There have been numerous recent observations of changes in the behavior and dynamics of migratory bird populations, but the plasticity of the migratory trait and our inability to track small animals over large distances have hindered investigation of the mechanisms behind migratory change. We used habitat-specific stable isotope signatures to show that recently evolved allopatric wintering populations of European blackcaps Sylvia atricapilla pair assortatively on their sympatric breeding grounds. Birds wintering further north also produce larger clutches and fledge more young.
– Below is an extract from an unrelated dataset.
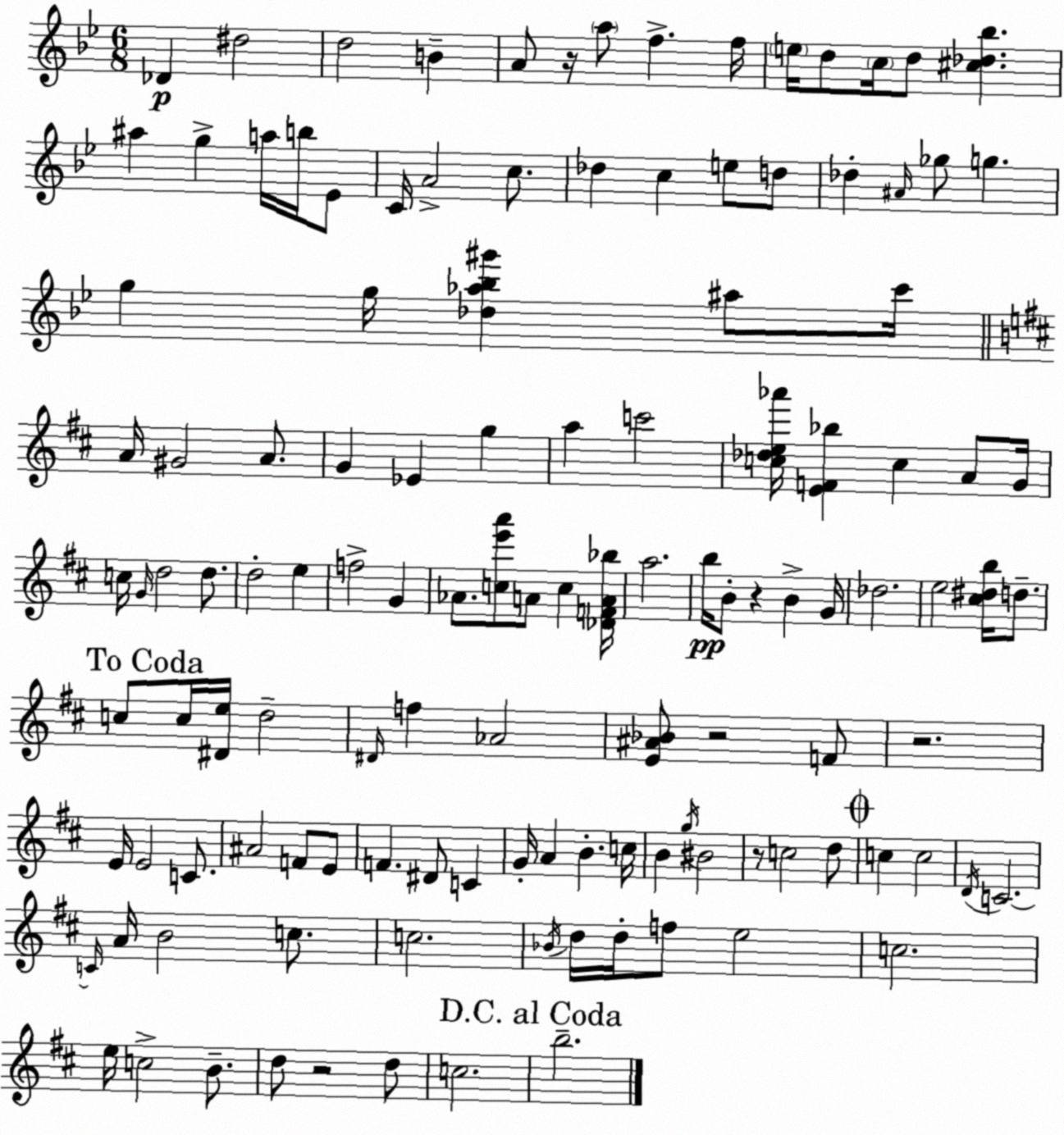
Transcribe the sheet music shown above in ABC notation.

These findings describe an important process in the evolution of migratory divides, new migration routes, and wintering quarters. Temporal segregation of breeding is a way in which subpopulations of vertebrates may become isolated in sympatry.

There have been numerous observations of changes in the behavior and dynamics of migratory bird populations (17). Migration is naturally a plastic trait, and tracking migratory birds is problematic because of the distances and areas involved (2, 7). Thus it has proved almost impossible to investigate the mechanisms behind, and the consequences of, migratory change. However, the recent formation of a migratory divide in a breeding population of European passerines (1), together with developments in stable isotope techniques, mean that we can now gain insights into these processes.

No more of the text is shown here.